§ What you need to do
The pictures stay out. Please retype every line below exactly.

§ Exercise input
=== Section Start ===
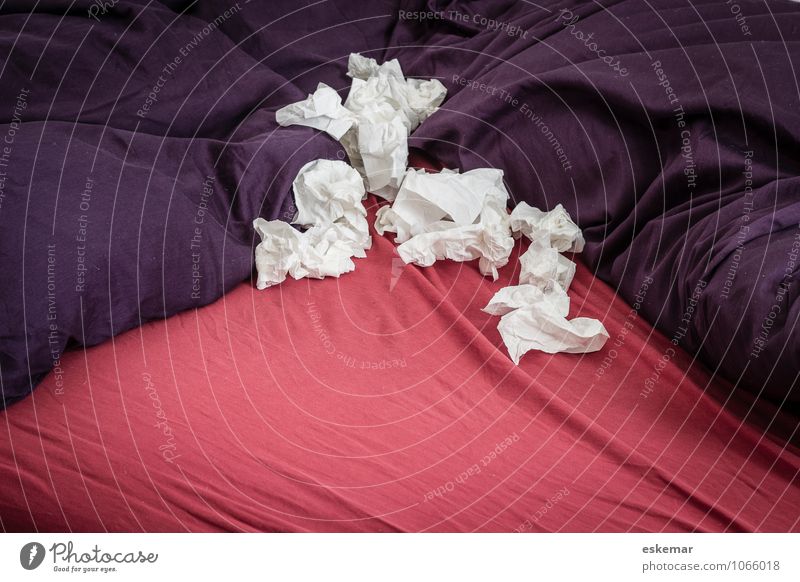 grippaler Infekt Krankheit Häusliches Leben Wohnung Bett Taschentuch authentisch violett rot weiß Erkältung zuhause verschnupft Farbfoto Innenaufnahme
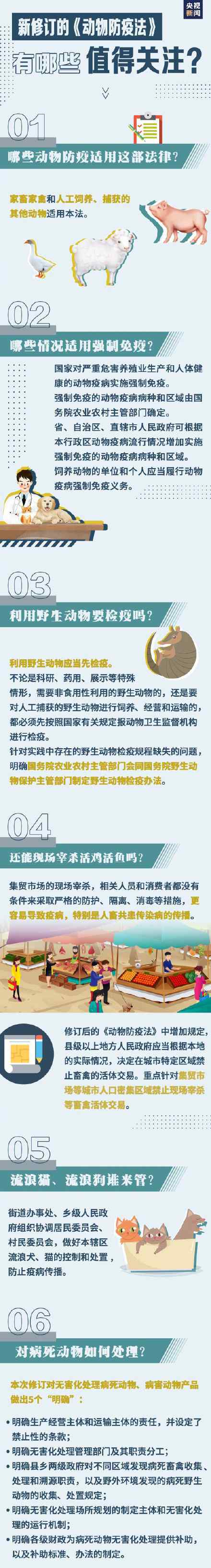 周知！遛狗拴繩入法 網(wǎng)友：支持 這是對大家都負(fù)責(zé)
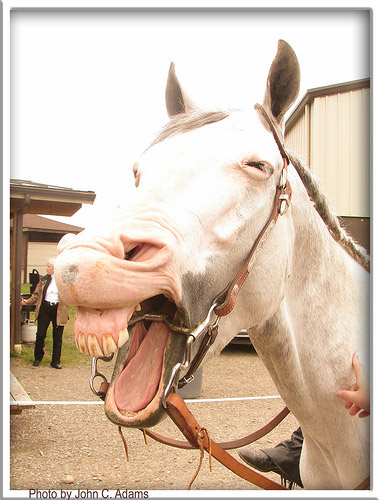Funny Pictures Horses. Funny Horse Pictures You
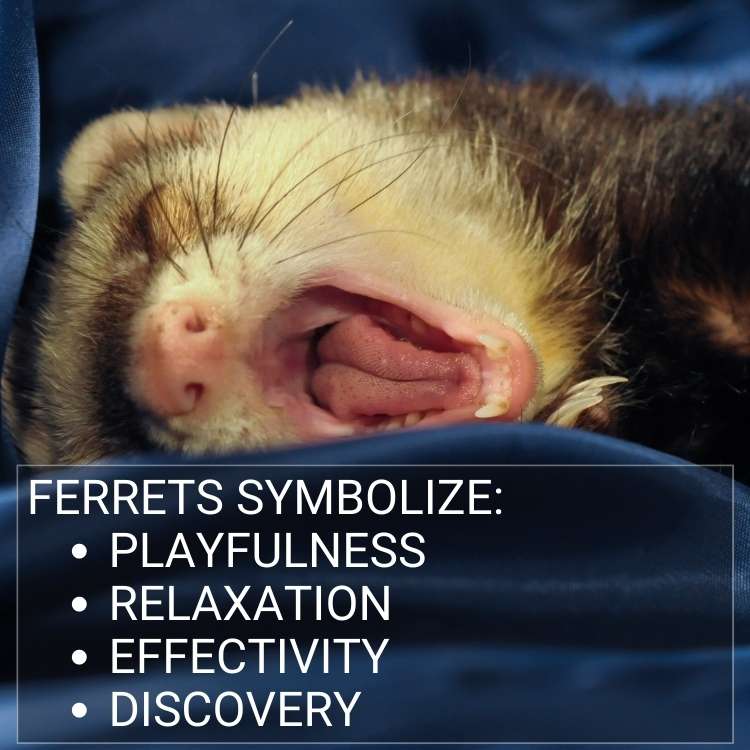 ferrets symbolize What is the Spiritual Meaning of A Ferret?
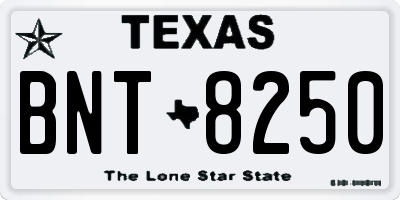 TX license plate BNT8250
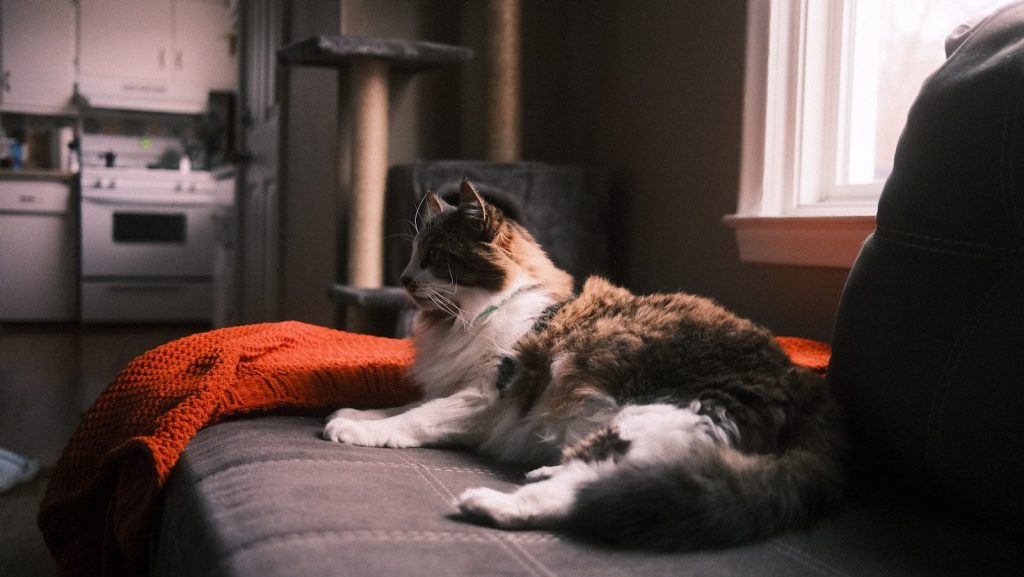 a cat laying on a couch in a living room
=== Section End ===
§ Answer section
 grippaler Infekt Krankheit Häusliches Leben Wohnung Bett Taschentuch authentisch violett rot weiß Erkältung zuhause verschnupft Farbfoto Innenaufnahme
 周知！遛狗拴繩入法 網(wǎng)友：支持 這是對大家都負(fù)責(zé)
Funny Pictures Horses. Funny Horse Pictures You
 ferrets symbolize What is the Spiritual Meaning of A Ferret?
 TX license plate BNT8250
 a cat laying on a couch in a living room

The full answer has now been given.